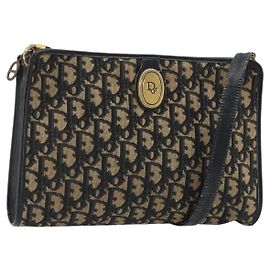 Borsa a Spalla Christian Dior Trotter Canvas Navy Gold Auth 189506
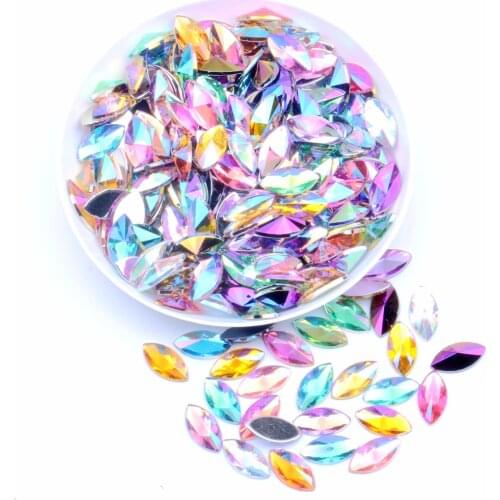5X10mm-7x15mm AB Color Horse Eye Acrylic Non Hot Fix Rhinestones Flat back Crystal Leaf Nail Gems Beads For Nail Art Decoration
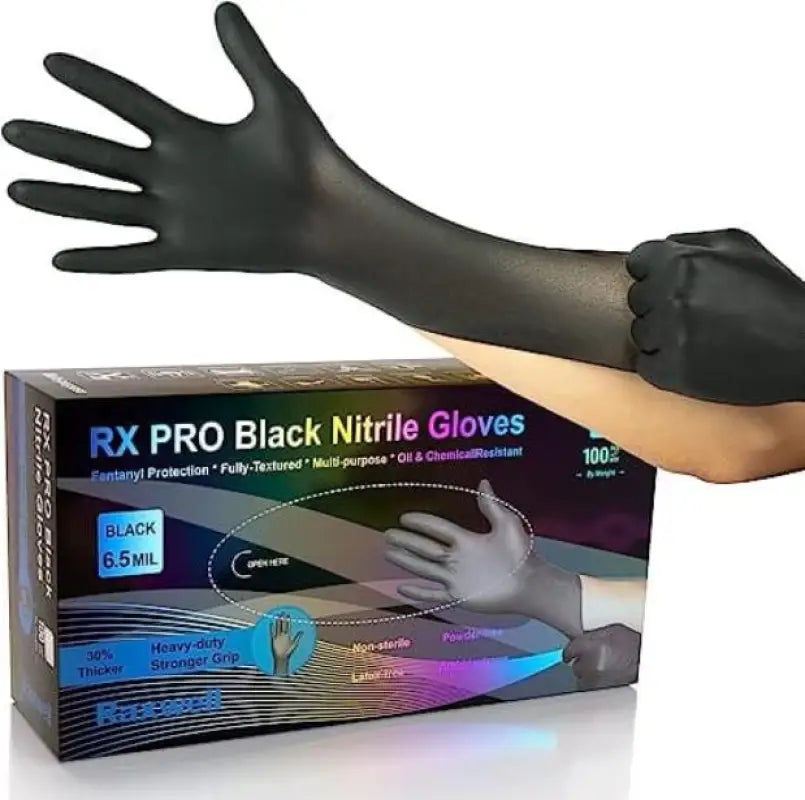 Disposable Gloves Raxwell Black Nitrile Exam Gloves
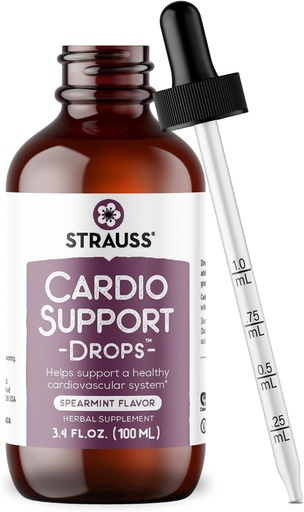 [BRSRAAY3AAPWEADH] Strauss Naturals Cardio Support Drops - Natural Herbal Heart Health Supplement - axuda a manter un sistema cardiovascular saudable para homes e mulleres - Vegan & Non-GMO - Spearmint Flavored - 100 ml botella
=-=-=
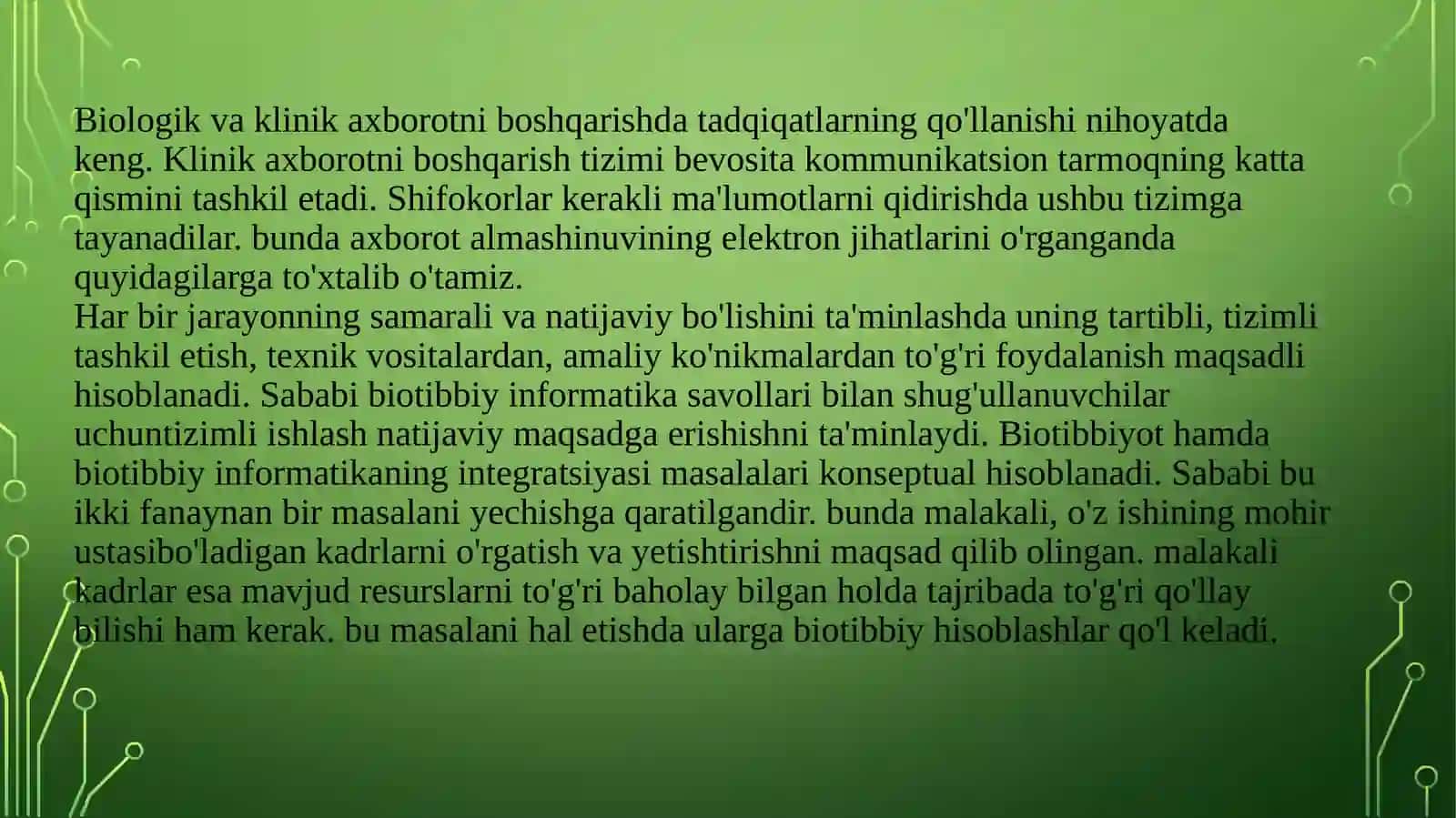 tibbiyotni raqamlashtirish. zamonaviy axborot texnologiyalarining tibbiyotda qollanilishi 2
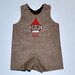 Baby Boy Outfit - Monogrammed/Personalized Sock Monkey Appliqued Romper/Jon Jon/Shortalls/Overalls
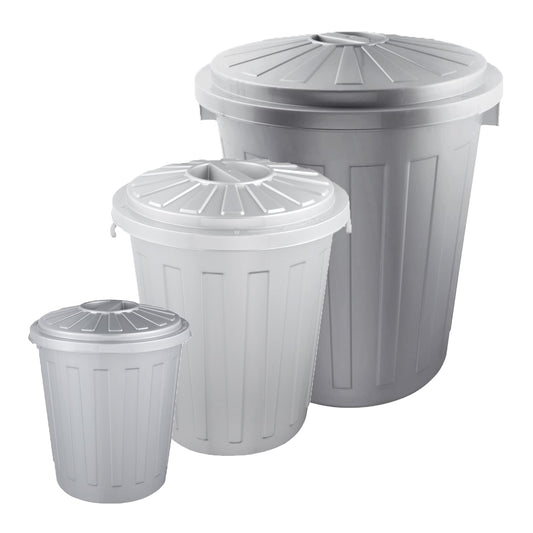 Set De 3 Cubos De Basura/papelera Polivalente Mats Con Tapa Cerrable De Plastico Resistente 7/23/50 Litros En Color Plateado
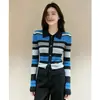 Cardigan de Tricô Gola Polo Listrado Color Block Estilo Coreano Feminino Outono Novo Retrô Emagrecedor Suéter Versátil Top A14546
=-=-=
Activity:
Take the lines above starting at the one containing "Borsa a Spalla" and ending at the one containing "[BRSRAAY3AAPWEADH] Strauss Naturals", and print them again exactly, without pictures.

Your response:
 Borsa a Spalla Christian Dior Trotter Canvas Navy Gold Auth 189506
5X10mm-7x15mm AB Color Horse Eye Acrylic Non Hot Fix Rhinestones Flat back Crystal Leaf Nail Gems Beads For Nail Art Decoration
 Disposable Gloves Raxwell Black Nitrile Exam Gloves
 [BRSRAAY3AAPWEADH] Strauss Naturals Cardio Support Drops - Natural Herbal Heart Health Supplement - axuda a manter un sistema cardiovascular saudable para homes e mulleres - Vegan & Non-GMO - Spearmint Flavored - 100 ml botella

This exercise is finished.